# Track Drive conversion question



## Snowmann2011 (Apr 5, 2011)

Hey every one, Im new here and this is my very first post and I am really no too sure if this is the best place to post but it seems right, LOL, so here goes nothing.

So I live in Two Rivers Wi. and do to being right on the shore of lake Michigan, we get quite a bit of snow here. I have just recently acquired a 1986 Gilson, 10hp 32" cut snowblower. It is a very good blower. I have been doing so well needed maintenance on it so that it will be ready for the snow next winter.

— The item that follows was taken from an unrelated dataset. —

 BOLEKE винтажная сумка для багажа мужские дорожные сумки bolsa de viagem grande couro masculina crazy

My question is: Is it posable to use the Ariens Track Drive kit (Ariens Track Drive Conversion Kit). With the heavy weight. wet snow we get here, I was thinking that this conversion would be nice as it gives excellent traction in heavy wet snow. Im just curious to see if this is possible or if anyone has done anything like this. 

Thanks Cody


----------



## Snowmann2011 (Apr 5, 2011)

Well Im guessing since there hasent been any responces to this, either it cant be done, no one knows if it can be done or it was just that dumb of a question. LOL. Understandable. But dont worry, Im gonna be around for a while so Im sure Ill have lots of dumb questions for every one. LOL

Cody


----------



## bwdbrn1 (Nov 24, 2010)

Like they say, there's no such thing as a dumb question..but I can sure give you plenty of dumb answers

That's an interesting notion you've got. I'm going to guess it could be done. 

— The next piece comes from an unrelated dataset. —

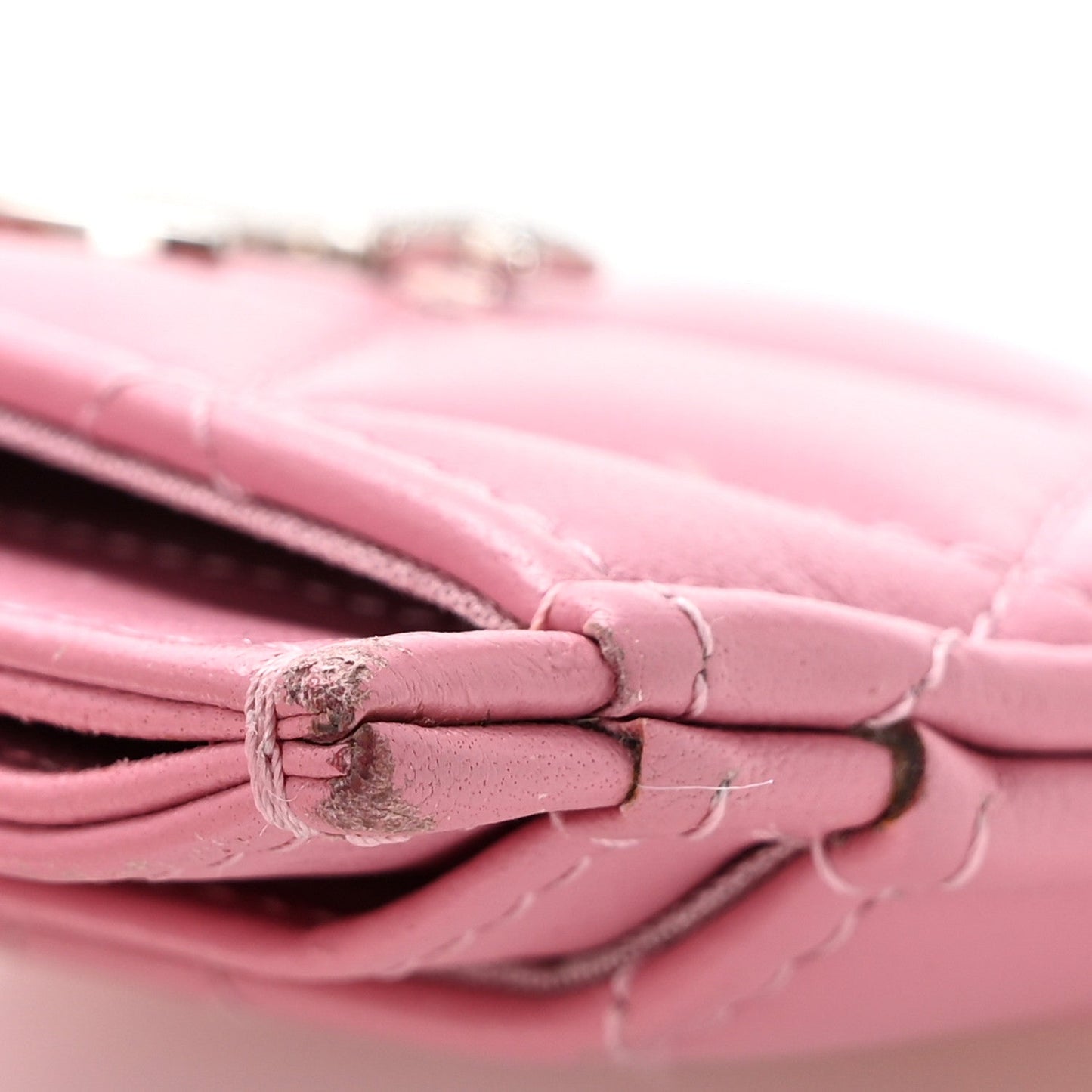 Lambskin Quilted Crystal Star Card Holder Pink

After all , Two Rivers is the home of the ice cream sundae.


----------



## HCBPH (Mar 8, 2011)

*Tracks*

I can't speak to an Gilson but this winter I have seen a couple of Craftsman blowers on CL that made reference to formerly having tracks but now are on wheels so it sounds like it's possible on some. Best suggestion would be get the manuals on the 2 units and compare them. On a side note, I used to work a CM track unit many years back, a couple of years the tracks were rusted stuck (owner didn't maintain it very well) when it can to using it the first time of the season and it was a bear to get loose.


----------



## Shryp (Jan 1, 2011)

With enough work and custom fabricating anything can be done.


----------



## Snowmann2011 (Apr 5, 2011)

Shryp said:


> With enough work and custom fabricating anything can be done.


Hey Shryp, yeah I know any thing can be done with enough fabrication, LOL. I love fabrication, but anyways, I dont want to stick more money or time than what its worth into it. It looked to me that my Gilson and the earlier Ariens were pretty similar to one another and thought it may be relitivly easy. It also seemed to me that a tracked blower was the way to go for traction and manuverability, but the more threads I read here and other places, tracks dont really seem to be the way to go. So for now Im going to continue and finish up the restoration on it and get it all back to tip-top shape for next season.

Thanks
Cody


----------